Этот эпизод из жизни царя Давида пересказан во второй, притчевой части романа. Рассказывает его персонаж под именем Иудей (в реальности – Гольдберг), внимает ему – Бритоголовый (Кукоцкий). Мир, где они пребывают в своих подлинных сущностных обликах, то ли посмертный, то ли «утробный» – вроде метерлинковского, откуда происходит выход младенцев в земную юдоль. Дети похожи на сияющие шары, есть и нерожденные, абортированные, «иногда они дозревают и опять восходят». Происходит сцена «благословения младенца», причем Кукоцкий формально отказывается благословлять, передавая все полномочия Иудею-Гольдбергу («…это не по моей части, это по вашей, по еврейской…»).

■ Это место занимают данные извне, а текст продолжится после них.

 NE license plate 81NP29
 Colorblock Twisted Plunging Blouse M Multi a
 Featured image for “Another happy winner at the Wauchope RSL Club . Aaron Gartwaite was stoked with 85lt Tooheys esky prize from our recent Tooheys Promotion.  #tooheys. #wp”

Младенец этот – «старший брат царя Соломона, воздвигшего Первый Храм в Иерусалиме» (здесь обращают на себя внимание даже авторские прописные буквы, зато многое иное, что мы привыкли повышать, – с маленькой), и не это ли дитя рождается на последних страницах книги, которая таким образом – о, совершенно ненавязчиво и скорее пунктиром, чем сплошной линией, – обозначает предысторию и появление на свет нового мессии. Потому-то он – и солнце, и весь смысл в нем, и вся радость, тогда объяснимые.
Что ж? Вольному – воля, спасенному – рай. Писательница абсолютно свободна в своем творческом, литературном мире. Другое дело, что во имя дарованной всем и каждому божественной свободы и мы должны обозначить границы собственного мира, где сияет иное солнце – Солнце Правды, где истина вовсе не на стороне смерти, где смерть побеждена. Однако побеждена не интеллигентской, вполне относительной порядочностью, и не плотским мудрованием, а Спасителем мира. И только при свете этой Победы дамский лепет о том, что «смерти вообще нет», обращается в твёрдую надежду и в радостное дерзновение: «Ад, где твоё жало? Смерть, где твоя победа?»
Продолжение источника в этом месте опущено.